Nesta conversa com o professor, ele expõe sua visão contundente sobre a questão da água no Brasil e no mundo e propõe uma revisão de conceitos.
O senhor afirma que não é possível falar em fim da água. Mesmo se considerarmos apenas as reservas de água doce, não estamos em uma situação preocupante?
Luis Venturi: Não podemos considerar apenas a água doce, destacada do ciclo hidrológico, já que ela advém, na quase totalidade, dos oceanos via evaporação e precipitação. Assim, enquanto a terra girar, o sol brilhar e a lei da gravidade estiver “vigorando”, as recargas de água nos continentes estarão asseguradas. Não há como interromper o ciclo hidrológico. E o que existe de água doce disponível na superfície e nos subsolos é muito mais do que a capacidade humana de utilizá-la. Só os cerca de 110 km³ de água que precipitam nos continentes anualmente já seriam suficientes para abastecer a humanidade. No Nordeste, o programa de cisternas usa apenas água da chuva para sustentar, com uma cisterna de 16 mil litros, uma família de cinco pessoas por oito meses. O que é finita é a capacidade do homem de captar, tratar e distribuir a água para assegurar o abastecimento. É absurdo dizer que a crise hídrica de São Paulo é causada pela falta de chuva, sendo que temos enormes reservatórios subutilizados. Como uma metrópole como São Paulo, com a pujança econômica que tem e toda a tecnologia disponível, fica a mercê da chuva, como se fôssemos povos primitivos?
Na sua visão, então, o que provocou a crise?

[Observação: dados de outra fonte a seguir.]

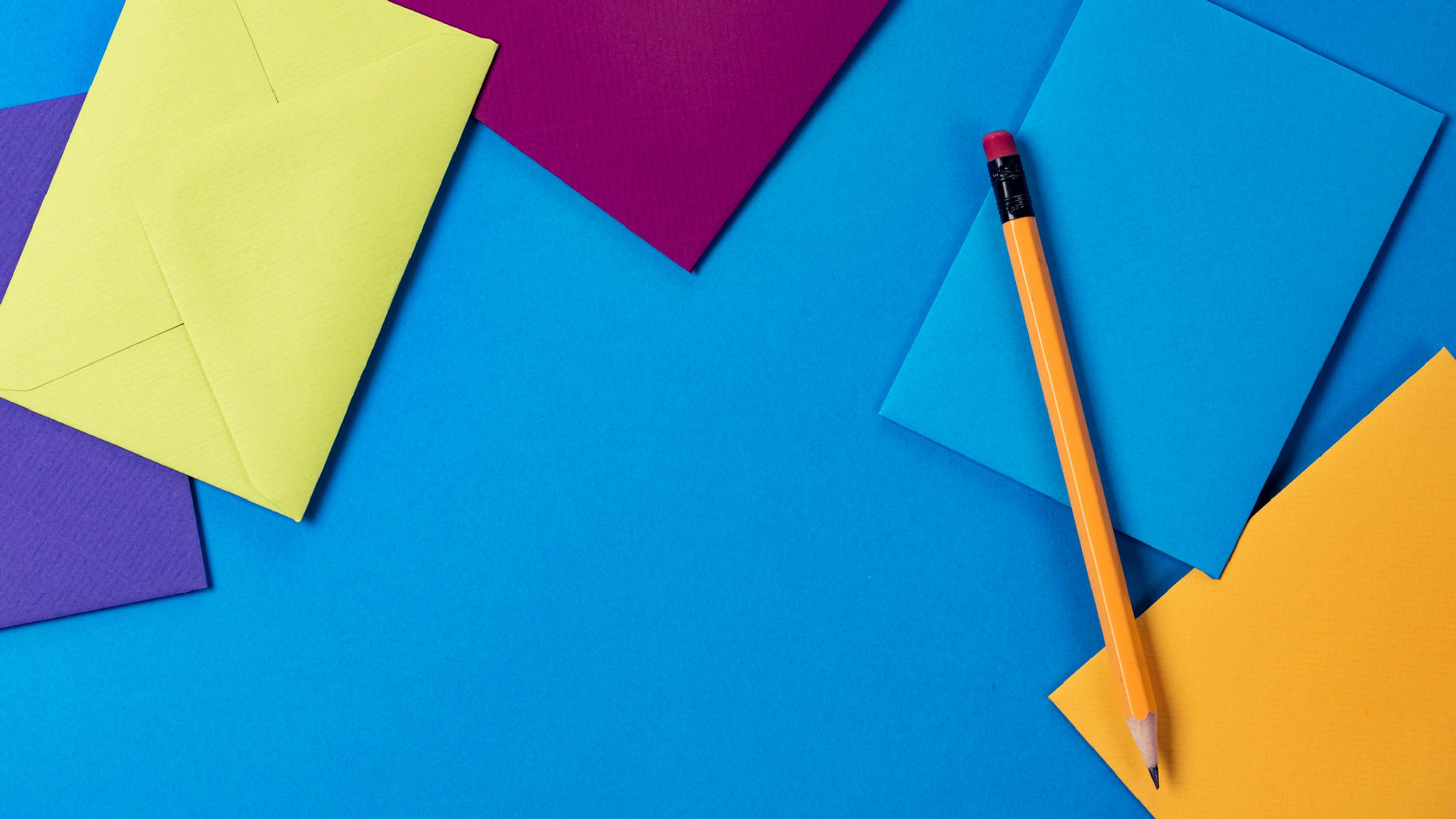 Jenis Kertas Yang Baik Digunakan Untuk Membuat Poster Secara Manual Adalah Amat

LV: Ocorreram dois problemas, ambos de caráter gerencial: poluiu-se os recursos hídricos disponíveis e não se desenvolveu capacidade técnica para despoluir numa velocidade suficiente para atender à demanda. Imagine um estrangeiro sobrevoando São Paulo. Ele vai ver diversas represas e diversos rios como Tietê, Pinheiros, Tamanduateí… Ele simplesmente não vai entender como se fala em falta de água em São Paulo. Apenas a represa Biliings teria água suficiente para abastecer mais de 4 milhões de pessoas, mas é subutilizada pois está poluída. A crise hídrica, ou seja, quando se abre a torneira e não sai água, é sempre gerencial, e não natural. Há exemplos de países com muito menos recursos hídricos que o Brasil onde não falta água, como na própria Síria.

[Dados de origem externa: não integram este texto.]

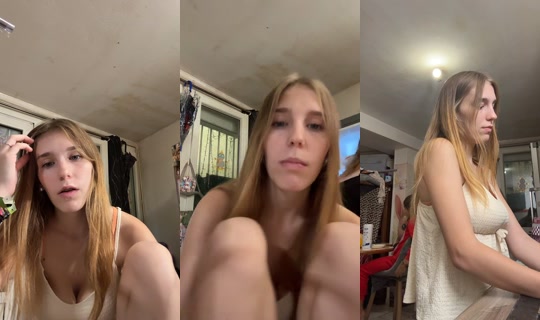 intrvbl442 TikTok Live — Aug 29, 2026, 7:16 PM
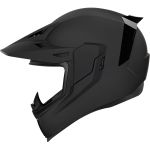 Airflite Moto Rubatone / Черный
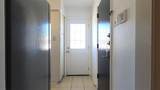 5026 Matilda Street - Photo 8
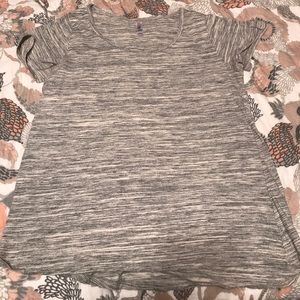 LuLaRoe Classic Tee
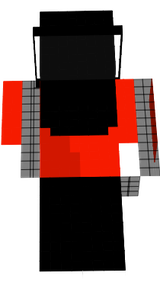 adawda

As represas do sistema Cantareira estão secando porque se tem usado sua água num ritmo muito maior do que o das recargas naturais. Se os seis sistemas fossem mais equilibrados em termos de oferta e demanda de água, isso não ocorreria. É o que se está tentando fazer agora: aumentar a capacidade de uns sistemas para “desafogar” os outros, sobre os quais há grande pressão de demanda. Aí a mídia mostra represas secando para ilustrar a ideia de que a água vai acabar. Pode até acabar na sua torneira, mas não por falta dela, e sim por incapacidade de se assegurar o abastecimento. Essa ideia de fim da água é muito malthusiana e é obrigação da academia superar o senso comum fatalista e tão fortemente difundido pela mídia.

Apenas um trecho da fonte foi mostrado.